Inquietudine e timore sono spesso accostati al tatuaggio, antica tecnica di decorazione pittorica corporale dell’uomo, scarsamente apprezzata nel tessuto sociale odierno, ma molto diffusa nell’antichità. Tradizionalmente, la decorazione è destinate a persistere per molto tempo, di solito anche per sempre; negli ultimi sono state create anche delle tecniche per creare dei tatuaggi momentanei, o per rimuovere alcuni già disegnati.

Questa tecnica piuttosto singolare della modificazione del corpo costa nell’incidere la pelle, posticipando la cicatrizzazione, attraverso l’utilizzo di determinate sostanze; in alternativa, si effettuano punture con l’uso di composti coloranti nelle ferite. Si tratta di un procedimento molto complesso e rappresenta il frutto del progresso costante di tecniche del passato, avvolte da una patina di modernità e di evoluzione.

Le origini di questa tecnica

Il tatuaggio non è un semplice disegno inciso sulla pelle, ma ha un significato molto più profondo, implica molto di più a livello sociale. Il senso è molto intenso: gli individui, spesso, utilizzano questa pratica perché avvertono l’esigenza di comunicare qualcosa di sé, qualcosa che a parole o in altri modi non può essere espresso. Si tratta comunque di una tradizione diffusa presso numerose culture sia del passato sia più moderne, che ha condotto l’uomo in gran parte della sua esistenza. Nelle differenti località i tatuaggi hanno assunto una valenza precisa: da semplice rito di passaggio d’età, ad un vero e proprio simbolo identificativo.

A partire dal 3300 a.C. sono state riconosciute delle decorazioni pittoriche sulla Mummia dei Similaun, riportato alla luce una trentina di anni fa sulle Alpi d’Italia. Sicuramente l’Egitto, l’antica terra dei faraoni, era la valle non soltanto del Nilo, ma anche il luogo in cui si sviluppò il tatuaggio; anche all’interno delle mura di Roma, coacervo culturale, questa tecnica trovò il suo terreno fertile per una repentina propagazione. Alcuni individui, inoltre, erano soliti tatuarsi simboli religiosi per mostrare e risaltare la loro passione spirituale. È testimoniata, poi, la tradizione nel Medioevo la tradizione dei pellegrini di farsi tatuare dei simboli religiosi per avere accesso ai santuari del tempo.
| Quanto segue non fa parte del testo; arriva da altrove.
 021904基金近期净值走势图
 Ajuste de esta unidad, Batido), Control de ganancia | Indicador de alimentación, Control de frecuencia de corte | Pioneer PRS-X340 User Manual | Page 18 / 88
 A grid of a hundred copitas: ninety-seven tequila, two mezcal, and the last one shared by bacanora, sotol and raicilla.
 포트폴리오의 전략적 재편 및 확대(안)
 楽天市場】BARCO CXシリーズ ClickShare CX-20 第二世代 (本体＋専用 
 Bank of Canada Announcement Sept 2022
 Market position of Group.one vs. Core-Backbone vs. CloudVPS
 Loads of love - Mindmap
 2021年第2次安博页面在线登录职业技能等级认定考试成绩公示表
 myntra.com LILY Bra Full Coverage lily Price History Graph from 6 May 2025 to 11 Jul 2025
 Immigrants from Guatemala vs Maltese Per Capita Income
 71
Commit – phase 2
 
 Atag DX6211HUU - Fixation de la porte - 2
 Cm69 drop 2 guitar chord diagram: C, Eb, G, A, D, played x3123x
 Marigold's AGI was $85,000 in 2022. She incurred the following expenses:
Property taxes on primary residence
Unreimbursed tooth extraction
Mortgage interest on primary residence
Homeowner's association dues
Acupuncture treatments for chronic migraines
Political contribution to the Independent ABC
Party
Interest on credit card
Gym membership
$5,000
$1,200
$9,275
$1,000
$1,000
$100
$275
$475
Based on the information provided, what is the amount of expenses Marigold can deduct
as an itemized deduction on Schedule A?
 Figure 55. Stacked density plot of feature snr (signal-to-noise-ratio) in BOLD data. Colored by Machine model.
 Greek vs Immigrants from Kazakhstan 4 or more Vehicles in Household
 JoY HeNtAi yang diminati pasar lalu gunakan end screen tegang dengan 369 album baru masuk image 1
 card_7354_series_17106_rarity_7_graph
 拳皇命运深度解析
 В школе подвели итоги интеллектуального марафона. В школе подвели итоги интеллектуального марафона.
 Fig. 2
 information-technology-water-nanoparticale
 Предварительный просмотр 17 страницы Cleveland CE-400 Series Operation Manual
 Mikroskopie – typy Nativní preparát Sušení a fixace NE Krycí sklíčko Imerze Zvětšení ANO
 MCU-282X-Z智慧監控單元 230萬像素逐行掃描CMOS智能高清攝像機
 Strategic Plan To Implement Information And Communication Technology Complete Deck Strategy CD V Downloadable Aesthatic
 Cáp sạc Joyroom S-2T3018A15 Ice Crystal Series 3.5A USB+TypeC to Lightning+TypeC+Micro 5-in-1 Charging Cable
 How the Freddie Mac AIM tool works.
L’importanza dei tatuaggi: la popolazione dei Maori

I Maori sono uno dei popoli maggiormente legati a questa tecnica di decorazione pittorica del corpo, di origini polinesiane, stabilitosi in Nuova Zelanda a partire dal 900 d.C. Il tatuaggio si è da sempre aggrovigliato alla loro cultura, svolgendo un ruolo chiave all’interno della popolazione: aveva, difatti, un significato molto importante ed era usato come strumento di comunicazione. Numerose differenze sociali contraddistinguevano la società Maori, ciascuna casta aveva un dettagliato tatuaggio di identificazione. Tra i diversi ceti, i guerrieri erano orgogliosi delle proprie decorazioni, l’obiettivo era esaltare le proprie esperienze belliche.

Per questa popolazione polinesiana, il tatuaggio era legato ad un fattore estetico, era usufruito come forma di abbellimento dell’individuo. Anche le donne erano considerate meno affascinanti, se non avevano dei tatuaggi intorno alle proprie labbra. La decorazione pittorica corporale più illustre di questa stirpe è denominata “koru“, metafora di rinascita spirituale. I tatuaggi erano eseguiti dai “Tothunga ta Moko“; essi esaminavano il volto tatuato ed individuavano un disegno. Gli anziani stabilivano, poi, se il simbolo proposto rispecchiava le differenti personalità. È sufficiente citare i Maori, dunque, per comprendere la tradizione e la cultura tatuaggistica.